Третьяковская 13. Барановы

     Теперь мне хочется вспомнить одно непримечательное событие, которое очень повлияло на нашу судьбу и без которого был бы не полон мой рассказ. Как-то летом, за год до войны, наша бабушка встретила около дома молодую женщину, пожаловавшуюся ей, что приехав в командировку из Борисоглебска, она не может найти себе места в гостинице. Бабушка, отзывчивая к чужому горю, предложила ей остановиться у нас, заранее извиняясь за небольшие удобства и тесноту. Так появилась в нашем доме Аля. Она прожила у нас несколько дней, расположив к себе всю нашу семью, и уехала с намерением навестить нас в следующий раз.
     Мы почти забыли о ней, но она вновь явилась неожиданно летом 1942 года, вместе со своей подругой Аней, и мы вновь приняли их уже как своих. Это было как раз в то время, когда на город обрушились первые бомбы. Аля с вечера заболела и утром 17 июня по командировочным делам пошла одна Аня. Когда после страшного удара, потрясшего наш дом, мы опомнились, собрались вместе, оглядывая друг друга, то увидели, что Али на постели нет. От страха она спряталась под кровать. В тот миг нам было не до смеха. Но после, вспоминая ее бледную, выглядывающую из-под кровати, в обнимку с подушкой, мы смеялись. Смеялась вместе с нами и Аля. Прощаясь с нами, она скала: "Запишите мой адрес, мало ли что может случиться и вы попадете в Борисоглебск! Мы всегда встретим вас как родных". Я рассмеялась на ее слова:
     - Да ну, зачем нам ехать в Борисоглебск!

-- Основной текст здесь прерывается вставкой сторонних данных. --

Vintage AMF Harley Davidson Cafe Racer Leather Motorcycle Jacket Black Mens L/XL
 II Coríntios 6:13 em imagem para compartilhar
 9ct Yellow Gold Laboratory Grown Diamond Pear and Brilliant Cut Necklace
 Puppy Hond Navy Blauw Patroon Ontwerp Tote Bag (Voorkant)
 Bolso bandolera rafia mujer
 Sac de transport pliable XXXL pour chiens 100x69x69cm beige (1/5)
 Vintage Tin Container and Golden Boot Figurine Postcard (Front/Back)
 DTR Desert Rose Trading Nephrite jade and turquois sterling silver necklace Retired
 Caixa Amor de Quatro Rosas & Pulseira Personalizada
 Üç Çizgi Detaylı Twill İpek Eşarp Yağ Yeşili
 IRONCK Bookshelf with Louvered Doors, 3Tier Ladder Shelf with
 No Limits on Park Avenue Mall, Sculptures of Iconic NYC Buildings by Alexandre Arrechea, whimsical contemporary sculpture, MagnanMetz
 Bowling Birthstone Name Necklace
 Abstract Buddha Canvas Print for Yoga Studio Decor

     Но Аля настаивала: - Риммочка, запиши на всякий случай!
     - Да у меня и бумаги-то нет, - отнекивалась я.
     - Ну вот, хотя бы тут, на обоях, - она вынула из сумочки карандаш и записала крупными буквами на синих с золотом обоях: "Третьяковская 13. Барановы". - Запомни, Римма, Третьяковская 13, Барановы - кричала она уже с улицы.
     А я весело махала ей рукой и не думала запоминать - зачем нам какой-то Борисоглебск!
     И вот мы стоим ночью в неуютном сквере чужого города, растерянные и не знающие куда деться. Вдруг кто-то из нас вспомнил: "Девчата, а ведь в Борисоглебске живет Аля!" На секунду мы замолчали, сосредоточенно вспоминая, потом заговорили все разом. Она ведь и адрес нам давала, кто знает его? Да ведь она сама записала его на обоях! Все окружили меня: "Римма, вспоминай!"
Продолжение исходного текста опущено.